Deep Learning Projects
Robust SmartStep: Anomaly Filtering for Pedestrian Dead Reckoning

A novel approach to improve step detection in Pedestrian Dead Reckoning (PDR) systems using deep learning-based anomaly filtering. This project focuses on enhancing the accuracy of step detection by distinguishing between genuine walking signals and mimic walking signals.
Key Features:
- Advanced anomaly detection using segment-based autoencoders
- Real-time processing of IMU data for step detection
- Improved PDR accuracy through filtered step detection
- Robust handling of various walking patterns and anomalies
- Integration with existing positioning systems
Technical Implementation:
- Deep learning architecture:
- Segment-based autoencoder for anomaly detection
- Custom loss functions for optimal performance
- Real-time inference capabilities
- Signal processing:
- IMU data preprocessing and feature extraction
- Time-series analysis of walking patterns
- Integration with PDR algorithms
- Performance evaluation:
- Extensive testing with various walking scenarios
- Comparison with traditional step detection methods
- Quantitative analysis of positioning accuracy
The project demonstrates significant improvements in PDR accuracy by effectively filtering out anomalous signals that could lead to incorrect step detection. This work has been published at the IEEE/ION Position, Location and Navigation Symposium (PLANS) 2025 in Utah, USA.
Publication:
- Sayyaf, M. I., Zhu, N., & Renaudin, V. (2025). Advanced Step Detection with Anomaly Filtering for Enhanced Positioning Accuracy. Proceedings of the 2025 IEEE/ION Position, Location and Navigation Symposium (PLANS), Utah, USA.
RSNA Breast Cancer Detection

Breast cancer is a significant cause of cancer-related fatalities among women globally. Timely detection of breast cancer is critical for successful treatment and improved survival rates. In recent times, deep learning techniques have emerged as promising tools for detecting breast cancer from medical images, including mammograms.

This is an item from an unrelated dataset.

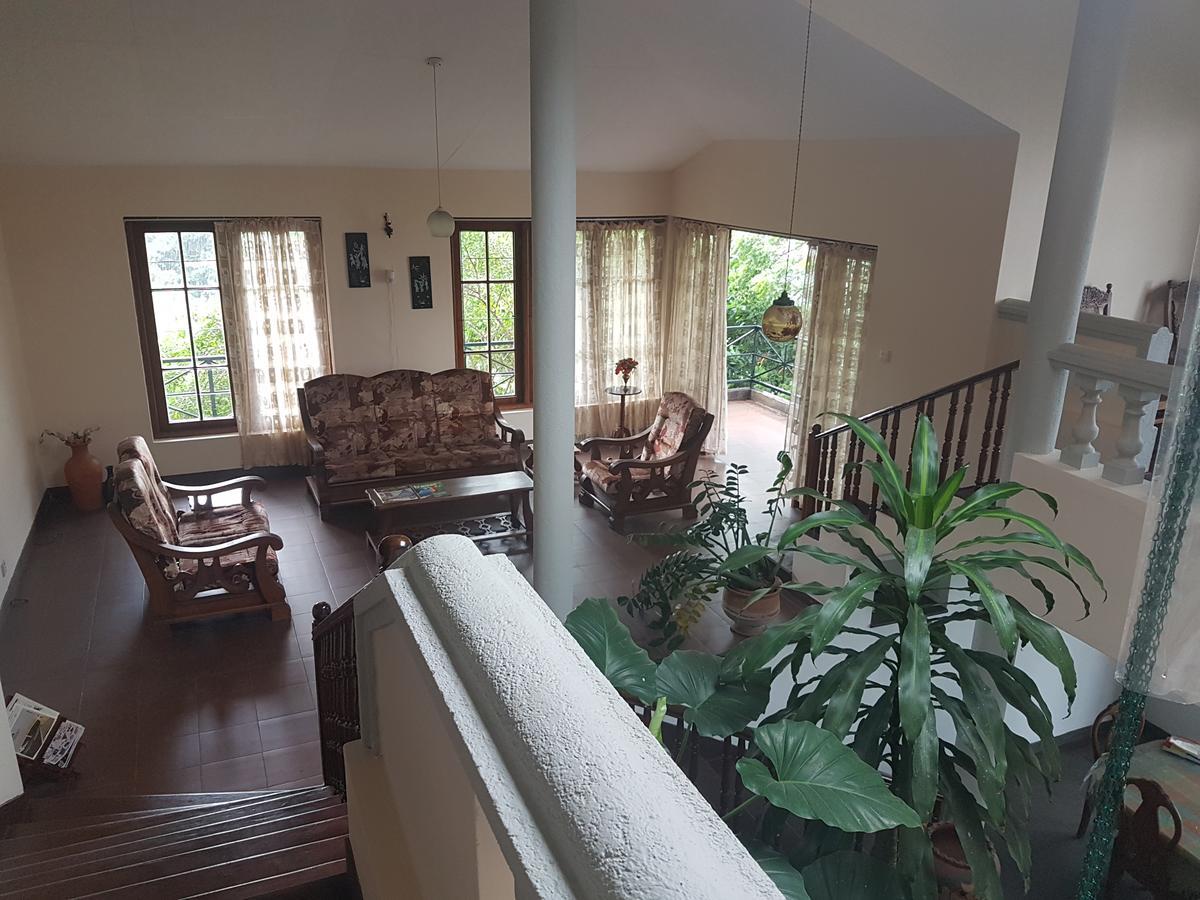 No 51, Menik Rest 5*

The RSNA Breast Cancer Detection competition, hosted on Kaggle, serves as an important initiative to foster the development of machine learning models for breast cancer detection. Participants are provided with a dataset of mammogram images, accompanied by labels indicating the presence or absence of breast cancer. The primary challenge is to create deep learning models capable of accurately detecting breast cancer from these mammogram images.
In this report, we embark on an exploration of the RSNA Breast Cancer Detection competition, where we will closely examine the approaches and techniques employed by the top-performing models. Our objective is to gain valuable insights into the best practices for utilizing deep learning methods in breast cancer detection and understand the advancements made in this critical field.

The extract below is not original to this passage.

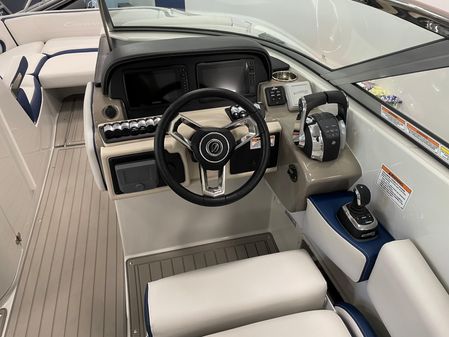 Crownline E305 XS image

Contradictory Text Analysis NLP Deep Learning

We are conducting a classification task on pairs of sentences, which consist of a premise and a hypothesis. The task involves categorizing each pair into one of three categories - entailment, contradiction, or neutral.
To illustrate this, let's consider an example using the following premise: "He came, he opened the door and I remember looking back and seeing the expression on his face, and I could tell that he was disappointed."
For the first hypothesis, "Just by the look on his face when he came through the door I just knew that he was let down," we can infer that it is true based on the information in the premise. Therefore, this pair is related by entailment.
For the second hypothesis, "He was trying not to make us feel guilty but we knew we had caused him trouble," we cannot reach a conclusion based on the information in the premise. Thus, this relationship is neutral.
For the third hypothesis, "He was so excited and bursting with joy that he practically knocked the door off its frame," we know that it is untrue as it contradicts the information in the premise. Hence, this pair is related by contradiction.
The dataset contains premise-hypothesis pairs in fifteen different languages, namely Arabic, Bulgarian, Chinese, German, Greek, English, Spanish, French, Hindi, Russian, Swahili, Thai, Turkish, Urdu, and Vietnamese. We are interested only with the English pairs.